Once you start trudging down that long, dark tunnel that public process often becomes, looking for a glimmer of light at the end can test one’s patience and confidence in the system.
It’s more or less an axiom of government that, even at the local level where process is not as ponderous as in the Legislature or Congress, less-urgent things can be done relatively quickly while the important things with long-term consequences take time.
Such has been the case with two major issues in the Town of Twisp, both of them generally related to the question of available and affordable housing in the growing community.
For more than a year, the Planning Commission and Town Council have been shepherding the progress of the proposed Orchard Hills planned development, for which the applicant is seeking preliminary approval, and potential revisions in the town codes regulating the conversion of existing residences to overnight lodging use — or as the Planning Commission is now calling them, short-term vacation rentals.
Both have been followed with intense public interest.
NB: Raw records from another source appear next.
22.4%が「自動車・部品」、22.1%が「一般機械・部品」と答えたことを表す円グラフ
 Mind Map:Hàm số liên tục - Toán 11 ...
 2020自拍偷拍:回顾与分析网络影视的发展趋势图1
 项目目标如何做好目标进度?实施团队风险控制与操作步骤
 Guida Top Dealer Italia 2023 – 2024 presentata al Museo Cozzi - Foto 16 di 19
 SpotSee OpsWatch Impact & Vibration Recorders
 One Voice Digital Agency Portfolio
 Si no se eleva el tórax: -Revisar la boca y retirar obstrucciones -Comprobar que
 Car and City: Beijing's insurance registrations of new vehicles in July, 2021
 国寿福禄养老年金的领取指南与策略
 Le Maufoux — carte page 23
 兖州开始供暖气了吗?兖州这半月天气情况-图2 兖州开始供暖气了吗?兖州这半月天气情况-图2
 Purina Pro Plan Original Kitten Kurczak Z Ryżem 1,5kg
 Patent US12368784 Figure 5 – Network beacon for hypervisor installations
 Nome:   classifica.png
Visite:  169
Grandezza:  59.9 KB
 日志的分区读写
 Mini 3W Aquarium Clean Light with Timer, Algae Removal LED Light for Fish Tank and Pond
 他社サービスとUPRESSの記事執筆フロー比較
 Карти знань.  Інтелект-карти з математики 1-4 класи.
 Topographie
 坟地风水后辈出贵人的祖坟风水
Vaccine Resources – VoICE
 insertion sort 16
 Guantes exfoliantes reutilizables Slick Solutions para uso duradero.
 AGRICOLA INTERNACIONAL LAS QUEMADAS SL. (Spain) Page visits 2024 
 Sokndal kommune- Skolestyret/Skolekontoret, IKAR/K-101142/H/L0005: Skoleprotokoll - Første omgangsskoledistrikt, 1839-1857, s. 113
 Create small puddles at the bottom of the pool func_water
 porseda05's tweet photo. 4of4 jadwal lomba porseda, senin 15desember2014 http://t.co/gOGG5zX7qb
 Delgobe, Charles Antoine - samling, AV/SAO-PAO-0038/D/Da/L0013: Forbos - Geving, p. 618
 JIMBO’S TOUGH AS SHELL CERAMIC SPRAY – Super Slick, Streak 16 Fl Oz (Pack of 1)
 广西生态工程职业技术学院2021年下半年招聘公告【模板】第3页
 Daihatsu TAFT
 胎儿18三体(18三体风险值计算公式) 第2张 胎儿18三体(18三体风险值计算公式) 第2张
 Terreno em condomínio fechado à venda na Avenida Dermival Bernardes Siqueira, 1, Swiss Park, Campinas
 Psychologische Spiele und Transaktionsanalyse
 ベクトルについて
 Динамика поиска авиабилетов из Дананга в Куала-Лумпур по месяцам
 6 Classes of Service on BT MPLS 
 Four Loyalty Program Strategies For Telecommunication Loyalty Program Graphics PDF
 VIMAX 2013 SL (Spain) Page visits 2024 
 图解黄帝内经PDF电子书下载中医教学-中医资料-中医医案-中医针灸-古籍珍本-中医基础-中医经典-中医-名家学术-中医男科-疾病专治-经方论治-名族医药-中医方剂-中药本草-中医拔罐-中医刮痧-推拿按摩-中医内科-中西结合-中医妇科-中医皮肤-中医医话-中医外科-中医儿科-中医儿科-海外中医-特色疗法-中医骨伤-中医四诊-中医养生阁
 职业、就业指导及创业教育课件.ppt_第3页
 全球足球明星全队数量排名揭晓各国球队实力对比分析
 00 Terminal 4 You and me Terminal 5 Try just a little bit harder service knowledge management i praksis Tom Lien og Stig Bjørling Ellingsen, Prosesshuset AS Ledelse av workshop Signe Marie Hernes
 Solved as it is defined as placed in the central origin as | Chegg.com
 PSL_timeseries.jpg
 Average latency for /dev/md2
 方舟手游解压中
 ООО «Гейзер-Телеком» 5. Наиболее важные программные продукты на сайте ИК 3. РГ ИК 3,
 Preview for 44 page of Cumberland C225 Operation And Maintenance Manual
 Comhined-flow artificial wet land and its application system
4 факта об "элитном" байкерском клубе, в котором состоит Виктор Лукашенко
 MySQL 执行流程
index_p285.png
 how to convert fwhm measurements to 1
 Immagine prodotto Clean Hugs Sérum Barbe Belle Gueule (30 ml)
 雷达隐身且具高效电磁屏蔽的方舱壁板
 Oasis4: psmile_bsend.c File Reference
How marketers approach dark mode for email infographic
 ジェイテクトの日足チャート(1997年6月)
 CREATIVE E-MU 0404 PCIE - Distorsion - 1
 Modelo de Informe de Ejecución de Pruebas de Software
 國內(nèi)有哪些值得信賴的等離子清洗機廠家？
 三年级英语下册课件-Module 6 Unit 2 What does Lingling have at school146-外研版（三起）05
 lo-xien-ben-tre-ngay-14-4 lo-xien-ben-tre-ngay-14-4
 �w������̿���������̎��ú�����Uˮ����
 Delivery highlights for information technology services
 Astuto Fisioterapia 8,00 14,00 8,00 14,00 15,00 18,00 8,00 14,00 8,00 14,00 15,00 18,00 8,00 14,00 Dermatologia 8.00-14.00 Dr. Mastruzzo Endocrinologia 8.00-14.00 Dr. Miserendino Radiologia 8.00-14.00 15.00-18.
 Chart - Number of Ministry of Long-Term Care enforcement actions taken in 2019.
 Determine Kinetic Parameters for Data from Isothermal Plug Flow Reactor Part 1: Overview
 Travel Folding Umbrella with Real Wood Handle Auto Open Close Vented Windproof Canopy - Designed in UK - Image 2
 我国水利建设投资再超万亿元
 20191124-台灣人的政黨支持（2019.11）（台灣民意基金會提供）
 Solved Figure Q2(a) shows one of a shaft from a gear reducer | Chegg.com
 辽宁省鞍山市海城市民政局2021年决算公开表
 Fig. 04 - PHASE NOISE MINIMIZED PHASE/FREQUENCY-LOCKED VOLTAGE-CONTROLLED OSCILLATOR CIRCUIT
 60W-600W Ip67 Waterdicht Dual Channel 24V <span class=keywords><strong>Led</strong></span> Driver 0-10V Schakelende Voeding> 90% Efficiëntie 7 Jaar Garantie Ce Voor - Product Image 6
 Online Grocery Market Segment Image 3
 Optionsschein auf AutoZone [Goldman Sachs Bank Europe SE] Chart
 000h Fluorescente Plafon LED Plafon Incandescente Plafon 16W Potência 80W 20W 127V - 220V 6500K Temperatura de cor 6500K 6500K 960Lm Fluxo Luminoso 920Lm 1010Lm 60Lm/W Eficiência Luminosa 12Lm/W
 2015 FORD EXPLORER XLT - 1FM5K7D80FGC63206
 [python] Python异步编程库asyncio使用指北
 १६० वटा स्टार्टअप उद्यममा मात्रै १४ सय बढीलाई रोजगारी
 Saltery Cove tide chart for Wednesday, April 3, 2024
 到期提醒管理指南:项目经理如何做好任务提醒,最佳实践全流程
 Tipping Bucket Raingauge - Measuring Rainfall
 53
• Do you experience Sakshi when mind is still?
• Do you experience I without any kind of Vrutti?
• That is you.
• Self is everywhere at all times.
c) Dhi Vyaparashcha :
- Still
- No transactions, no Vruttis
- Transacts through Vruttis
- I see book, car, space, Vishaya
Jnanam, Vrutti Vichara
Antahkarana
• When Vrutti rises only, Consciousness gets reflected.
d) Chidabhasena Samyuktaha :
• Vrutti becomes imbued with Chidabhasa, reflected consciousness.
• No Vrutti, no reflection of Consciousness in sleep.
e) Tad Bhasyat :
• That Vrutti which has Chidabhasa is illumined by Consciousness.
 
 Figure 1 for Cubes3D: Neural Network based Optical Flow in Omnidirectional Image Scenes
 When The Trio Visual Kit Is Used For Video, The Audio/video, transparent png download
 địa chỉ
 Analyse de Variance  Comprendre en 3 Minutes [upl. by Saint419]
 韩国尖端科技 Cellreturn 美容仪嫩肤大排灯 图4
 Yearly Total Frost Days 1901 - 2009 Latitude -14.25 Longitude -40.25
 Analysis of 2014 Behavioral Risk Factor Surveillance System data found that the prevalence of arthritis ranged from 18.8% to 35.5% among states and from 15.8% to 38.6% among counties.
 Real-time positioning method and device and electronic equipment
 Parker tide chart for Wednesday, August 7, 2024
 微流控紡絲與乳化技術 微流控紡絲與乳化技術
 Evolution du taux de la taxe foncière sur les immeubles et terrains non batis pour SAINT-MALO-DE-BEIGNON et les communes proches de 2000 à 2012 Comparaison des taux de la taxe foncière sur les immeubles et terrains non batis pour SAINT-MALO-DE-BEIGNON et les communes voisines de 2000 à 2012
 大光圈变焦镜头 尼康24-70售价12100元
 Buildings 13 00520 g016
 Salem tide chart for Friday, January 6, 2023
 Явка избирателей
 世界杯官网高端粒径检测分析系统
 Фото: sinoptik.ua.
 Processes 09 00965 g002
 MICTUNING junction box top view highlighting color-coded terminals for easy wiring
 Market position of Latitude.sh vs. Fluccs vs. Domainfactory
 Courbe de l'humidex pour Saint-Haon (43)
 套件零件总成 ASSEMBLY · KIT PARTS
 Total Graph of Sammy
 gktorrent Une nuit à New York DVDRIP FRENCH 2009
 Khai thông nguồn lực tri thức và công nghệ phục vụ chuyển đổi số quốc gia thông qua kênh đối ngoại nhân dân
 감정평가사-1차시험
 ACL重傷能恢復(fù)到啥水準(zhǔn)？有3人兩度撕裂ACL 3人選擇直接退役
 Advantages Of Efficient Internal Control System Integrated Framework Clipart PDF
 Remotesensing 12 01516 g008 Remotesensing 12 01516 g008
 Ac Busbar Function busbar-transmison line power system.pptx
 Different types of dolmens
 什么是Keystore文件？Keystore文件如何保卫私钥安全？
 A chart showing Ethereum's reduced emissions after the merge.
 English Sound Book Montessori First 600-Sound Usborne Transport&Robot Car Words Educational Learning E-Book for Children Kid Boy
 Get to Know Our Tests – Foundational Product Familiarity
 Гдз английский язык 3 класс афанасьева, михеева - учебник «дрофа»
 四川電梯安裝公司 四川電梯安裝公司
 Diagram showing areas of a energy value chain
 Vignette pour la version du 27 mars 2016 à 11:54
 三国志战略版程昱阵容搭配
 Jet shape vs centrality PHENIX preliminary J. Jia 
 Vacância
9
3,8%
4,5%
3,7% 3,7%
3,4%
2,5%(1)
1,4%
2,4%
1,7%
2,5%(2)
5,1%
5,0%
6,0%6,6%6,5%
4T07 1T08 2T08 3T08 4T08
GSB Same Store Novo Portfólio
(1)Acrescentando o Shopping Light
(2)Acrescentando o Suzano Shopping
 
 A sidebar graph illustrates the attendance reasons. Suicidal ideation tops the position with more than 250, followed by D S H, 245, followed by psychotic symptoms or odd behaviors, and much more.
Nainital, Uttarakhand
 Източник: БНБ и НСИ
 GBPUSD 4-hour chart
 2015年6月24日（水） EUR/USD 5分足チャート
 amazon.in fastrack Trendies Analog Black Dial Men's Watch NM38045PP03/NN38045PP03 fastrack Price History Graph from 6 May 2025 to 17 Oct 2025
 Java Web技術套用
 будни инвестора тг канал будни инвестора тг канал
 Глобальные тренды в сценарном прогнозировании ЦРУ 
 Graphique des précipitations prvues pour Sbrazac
The Planning Commission’s 400-plus page report recommending preliminary approval of the Orchard Hills proposal, with a long list of requirements that must be met to achieve final approval, includes dozens of oral and written comments, mostly from town residents. Every commission or council meeting with Orchard Hills on the agenda has been well-attended, even when the public could not comment.
Public interest and involvement in the overnight housing discussion has been similarly impressive. Residents initially raised the issue and pretty much insisted on town response and action. They have tracked the process resolutely. An ad hoc citizen committee was formed to help the Planning Commission come up with ideas and possible approaches for handling the overnight housing question.
In each case, the heavy lifting has been done by the Planning Commission’s volunteer members and the town’s part-time planning staff. Planned development applications have their own prescribed sequence of steps, including public hearings. The overnight housing issue bumped along, sidetracked by other Planning Commission tasks, until the council prioritized it after a year-long moratorium moved the town no closer to resolution.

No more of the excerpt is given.